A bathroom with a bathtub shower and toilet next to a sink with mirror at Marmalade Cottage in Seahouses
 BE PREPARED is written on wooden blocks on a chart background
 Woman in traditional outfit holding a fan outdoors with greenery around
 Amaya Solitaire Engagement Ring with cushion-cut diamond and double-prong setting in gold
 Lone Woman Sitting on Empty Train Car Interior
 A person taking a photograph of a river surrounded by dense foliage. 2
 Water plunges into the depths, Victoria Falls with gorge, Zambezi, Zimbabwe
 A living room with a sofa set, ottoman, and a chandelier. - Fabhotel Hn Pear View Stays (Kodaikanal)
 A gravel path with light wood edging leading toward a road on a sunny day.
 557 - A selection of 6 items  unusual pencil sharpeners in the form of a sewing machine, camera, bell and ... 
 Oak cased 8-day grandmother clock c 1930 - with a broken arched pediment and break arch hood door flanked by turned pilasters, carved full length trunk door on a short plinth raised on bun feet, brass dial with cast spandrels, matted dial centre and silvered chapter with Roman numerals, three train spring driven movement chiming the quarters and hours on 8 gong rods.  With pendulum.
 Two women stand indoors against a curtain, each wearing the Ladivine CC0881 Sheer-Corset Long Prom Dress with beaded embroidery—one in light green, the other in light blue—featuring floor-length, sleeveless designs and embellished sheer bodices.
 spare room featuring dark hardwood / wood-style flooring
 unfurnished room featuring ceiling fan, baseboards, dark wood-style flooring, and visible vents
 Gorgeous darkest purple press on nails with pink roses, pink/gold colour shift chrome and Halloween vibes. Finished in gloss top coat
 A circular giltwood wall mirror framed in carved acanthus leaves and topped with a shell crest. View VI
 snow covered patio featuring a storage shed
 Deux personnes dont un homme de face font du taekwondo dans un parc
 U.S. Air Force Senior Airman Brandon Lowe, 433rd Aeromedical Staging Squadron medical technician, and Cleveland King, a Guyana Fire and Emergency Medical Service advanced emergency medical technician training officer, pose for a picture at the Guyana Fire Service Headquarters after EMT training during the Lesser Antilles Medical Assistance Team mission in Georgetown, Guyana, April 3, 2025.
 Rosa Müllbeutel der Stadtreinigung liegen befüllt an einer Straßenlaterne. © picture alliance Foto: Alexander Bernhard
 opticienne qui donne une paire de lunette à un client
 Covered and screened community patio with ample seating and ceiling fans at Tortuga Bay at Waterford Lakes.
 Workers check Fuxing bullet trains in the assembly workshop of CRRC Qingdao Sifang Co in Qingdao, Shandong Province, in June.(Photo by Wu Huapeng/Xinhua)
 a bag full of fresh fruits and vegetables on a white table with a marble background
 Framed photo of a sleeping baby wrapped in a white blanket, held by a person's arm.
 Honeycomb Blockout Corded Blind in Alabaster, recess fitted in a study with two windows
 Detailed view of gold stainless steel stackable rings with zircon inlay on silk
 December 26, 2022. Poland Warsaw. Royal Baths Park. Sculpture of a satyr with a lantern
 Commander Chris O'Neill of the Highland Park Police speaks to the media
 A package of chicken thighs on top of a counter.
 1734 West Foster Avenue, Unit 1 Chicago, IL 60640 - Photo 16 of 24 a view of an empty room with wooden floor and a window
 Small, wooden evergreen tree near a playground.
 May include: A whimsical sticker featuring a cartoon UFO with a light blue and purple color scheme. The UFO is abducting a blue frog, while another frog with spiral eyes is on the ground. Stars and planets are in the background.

• • • • • • •

◆ What you will do
Once the records are read, print each of them exactly as written.

◆ Task response
A bathroom with a bathtub shower and toilet next to a sink with mirror at Marmalade Cottage in Seahouses
 BE PREPARED is written on wooden blocks on a chart background
 Woman in traditional outfit holding a fan outdoors with greenery around
 Amaya Solitaire Engagement Ring with cushion-cut diamond and double-prong setting in gold
 Lone Woman Sitting on Empty Train Car Interior
 A person taking a photograph of a river surrounded by dense foliage. 2
 Water plunges into the depths, Victoria Falls with gorge, Zambezi, Zimbabwe
 A living room with a sofa set, ottoman, and a chandelier. - Fabhotel Hn Pear View Stays (Kodaikanal)
 A gravel path with light wood edging leading toward a road on a sunny day.
 557 - A selection of 6 items  unusual pencil sharpeners in the form of a sewing machine, camera, bell and ... 
 Oak cased 8-day grandmother clock c 1930 - with a broken arched pediment and break arch hood door flanked by turned pilasters, carved full length trunk door on a short plinth raised on bun feet, brass dial with cast spandrels, matted dial centre and silvered chapter with Roman numerals, three train spring driven movement chiming the quarters and hours on 8 gong rods.  With pendulum.
 Two women stand indoors against a curtain, each wearing the Ladivine CC0881 Sheer-Corset Long Prom Dress with beaded embroidery—one in light green, the other in light blue—featuring floor-length, sleeveless designs and embellished sheer bodices.
 spare room featuring dark hardwood / wood-style flooring
 unfurnished room featuring ceiling fan, baseboards, dark wood-style flooring, and visible vents
 Gorgeous darkest purple press on nails with pink roses, pink/gold colour shift chrome and Halloween vibes. Finished in gloss top coat
 A circular giltwood wall mirror framed in carved acanthus leaves and topped with a shell crest. View VI
 snow covered patio featuring a storage shed
 Deux personnes dont un homme de face font du taekwondo dans un parc
 U.S. Air Force Senior Airman Brandon Lowe, 433rd Aeromedical Staging Squadron medical technician, and Cleveland King, a Guyana Fire and Emergency Medical Service advanced emergency medical technician training officer, pose for a picture at the Guyana Fire Service Headquarters after EMT training during the Lesser Antilles Medical Assistance Team mission in Georgetown, Guyana, April 3, 2025.
 Rosa Müllbeutel der Stadtreinigung liegen befüllt an einer Straßenlaterne. © picture alliance Foto: Alexander Bernhard
 opticienne qui donne une paire de lunette à un client
 Covered and screened community patio with ample seating and ceiling fans at Tortuga Bay at Waterford Lakes.
 Workers check Fuxing bullet trains in the assembly workshop of CRRC Qingdao Sifang Co in Qingdao, Shandong Province, in June.(Photo by Wu Huapeng/Xinhua)
 a bag full of fresh fruits and vegetables on a white table with a marble background
 Framed photo of a sleeping baby wrapped in a white blanket, held by a person's arm.
 Honeycomb Blockout Corded Blind in Alabaster, recess fitted in a study with two windows
 Detailed view of gold stainless steel stackable rings with zircon inlay on silk
 December 26, 2022. Poland Warsaw. Royal Baths Park. Sculpture of a satyr with a lantern
 Commander Chris O'Neill of the Highland Park Police speaks to the media
 A package of chicken thighs on top of a counter.
 1734 West Foster Avenue, Unit 1 Chicago, IL 60640 - Photo 16 of 24 a view of an empty room with wooden floor and a window
 Small, wooden evergreen tree near a playground.
 May include: A whimsical sticker featuring a cartoon UFO with a light blue and purple color scheme. The UFO is abducting a blue frog, while another frog with spiral eyes is on the ground. Stars and planets are in the background.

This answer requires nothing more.